I have been working on pain since about the year 2000. Before that I concentrated on the mechanisms of inflammation in digestive disease. Today my work focuses on pain and chronic itch, which can be exceedingly debilitating.
What’s the evolutionary function of pain?
Pain is a completely normal protective mechanism. It allows you to be aware of danger and move away from it. There are people who are genetically unable to sense pain, and they can die from their injuries because they simply aren’t aware of them. Normally pain is very tightly regulated. When it becomes dysregulated, it becomes a major cause of human suffering.
Pain can occur due to an injury of the nervous system (neuropathic pain) or from inflammation―in conditions like inflammatory bowel disease or arthritis. Cancer, and cancer treatments, can also produce a particular kind of pain.
Why don’t we have an objective way to measure pain, the way we can measure the body’s glucose level?
I wish we did. The answer is that it’s subjective. That said, there are ways you can assess pain in animals and humans; it’s just not as easy and precise. We know that the sensation of pain is interpreted by the brain and central nervous system. So it’s not only a matter of nerve damage and inflammation, but of our psychological reaction to that process.
Are there differences in the way men and women sense pain? And might we one day have “his and hers” painkillers?

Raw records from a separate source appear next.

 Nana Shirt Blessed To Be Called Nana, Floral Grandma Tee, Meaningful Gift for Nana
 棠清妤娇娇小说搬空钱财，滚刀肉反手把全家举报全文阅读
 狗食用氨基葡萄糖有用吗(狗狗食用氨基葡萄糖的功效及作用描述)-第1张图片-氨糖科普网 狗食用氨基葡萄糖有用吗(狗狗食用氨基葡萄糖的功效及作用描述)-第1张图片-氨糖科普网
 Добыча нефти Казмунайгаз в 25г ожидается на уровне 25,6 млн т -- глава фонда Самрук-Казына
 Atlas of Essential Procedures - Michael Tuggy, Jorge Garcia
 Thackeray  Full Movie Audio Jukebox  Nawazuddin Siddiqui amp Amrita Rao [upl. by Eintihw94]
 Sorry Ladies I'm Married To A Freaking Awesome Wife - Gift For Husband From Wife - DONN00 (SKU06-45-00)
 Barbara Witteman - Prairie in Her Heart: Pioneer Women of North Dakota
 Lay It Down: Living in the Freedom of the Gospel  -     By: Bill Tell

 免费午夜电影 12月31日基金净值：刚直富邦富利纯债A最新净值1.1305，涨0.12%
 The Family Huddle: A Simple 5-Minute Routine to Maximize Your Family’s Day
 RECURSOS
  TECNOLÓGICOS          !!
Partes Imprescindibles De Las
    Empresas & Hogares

It is well established that there are gender differences in the detection of pain, which are likely related to sex steroids and psychological factors. A deeper understanding of pain mechanisms may allow the development of drugs that are tailored for individuals – precision medicines for pain.

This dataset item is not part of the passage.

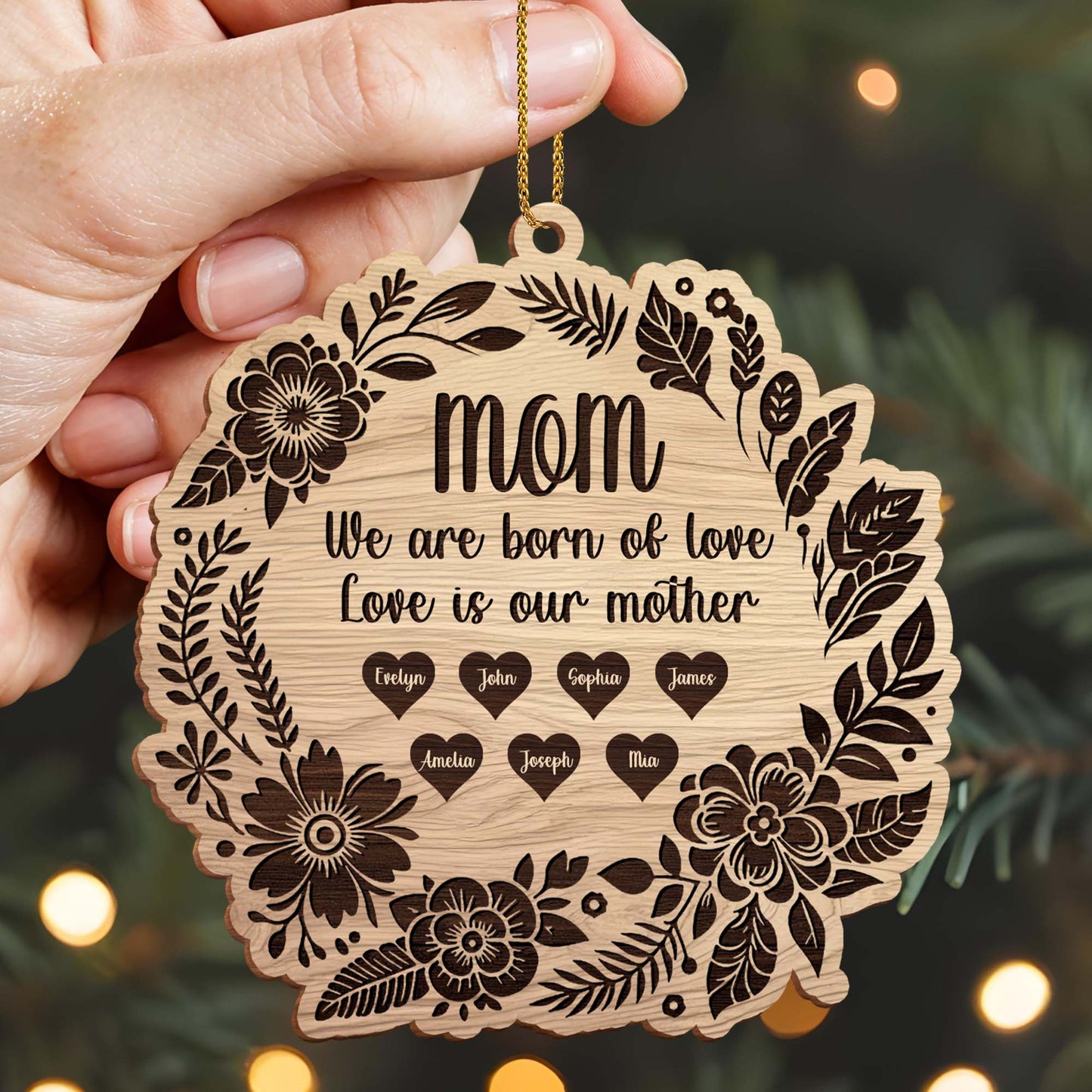 Love Is Our Mother Wooden Ornament Featuring Flowers and Leaves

What about itching? What evolutionary purpose does that serve?
Itching signals you to scratch and remove noxious substances from the surface of the body. When it gets out of control, it cause extreme discomfort. And there are no current therapies for chronic itch.

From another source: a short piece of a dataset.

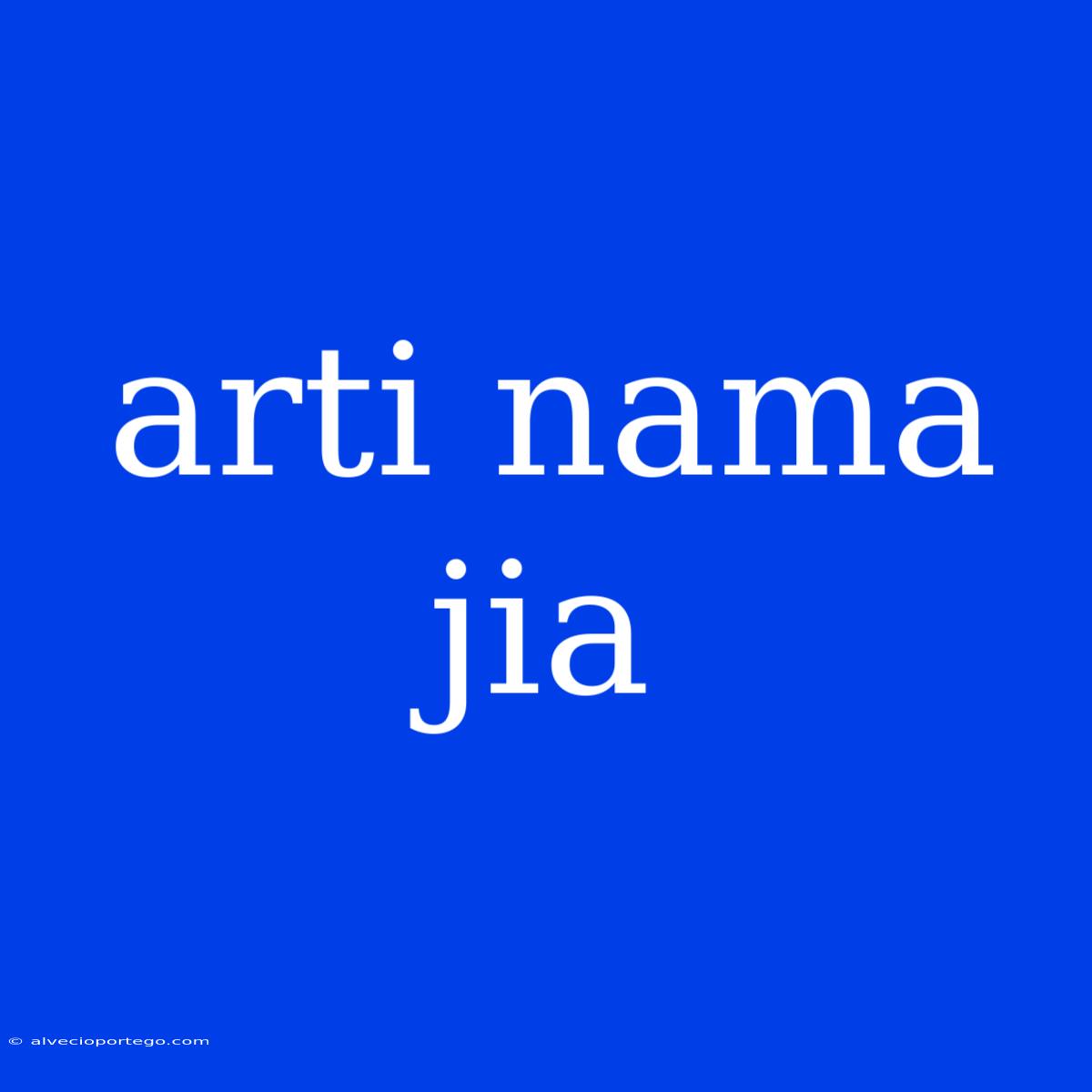 Arti Nama Jia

Why is itching such a serious problem?
We’ve all experienced being stung by an insect; the itching is generally short lived and can be well treated with an antihistamine drug, targeting inflammatory cells in skin. We also associate itching with allergic reactions, dermatitis and skin disease.
Itching can be uncontrollable and almost unbearable when a person suffers from metabolic disease like chronic renal failure and or a liver condition. In cholestatic pruritus, bile secretion from the gallbladder is blocked and patients experience a profound itch that can lead to suicide. One of the treatments for this condition is a liver transplant. That’s how extreme the discomfort is. The entire body is overtaken by an extreme sensation that can’t be relieved by scratching or by any medication.
What other conditions are associated with itching?
During pregnancy; some women experience cholestatic itch that may be related to formation of progesterone metabolites.
Itching can also be a reaction to morphine. When opioids cause this kind of distress, our ability to use them is limited.
Itching can be caused, as well, by anti-malaria drugs like chloroquine. In some countries this side effect an limit the use of this important anti-malarial drug, with obvious problems for malaria control.
Can we create a new class of drugs that will eliminate this discomfort?
I think some of the receptors we’ve been studying to relieve pain will help us here as well—G protein receptors also transmit itch and regulate inflammation.
How do you hope your research will change the practice of medicine?
Pain is the main reason people go to physicians. Drugs that address both pain and itching will have a major impact on your patients’ quality of life.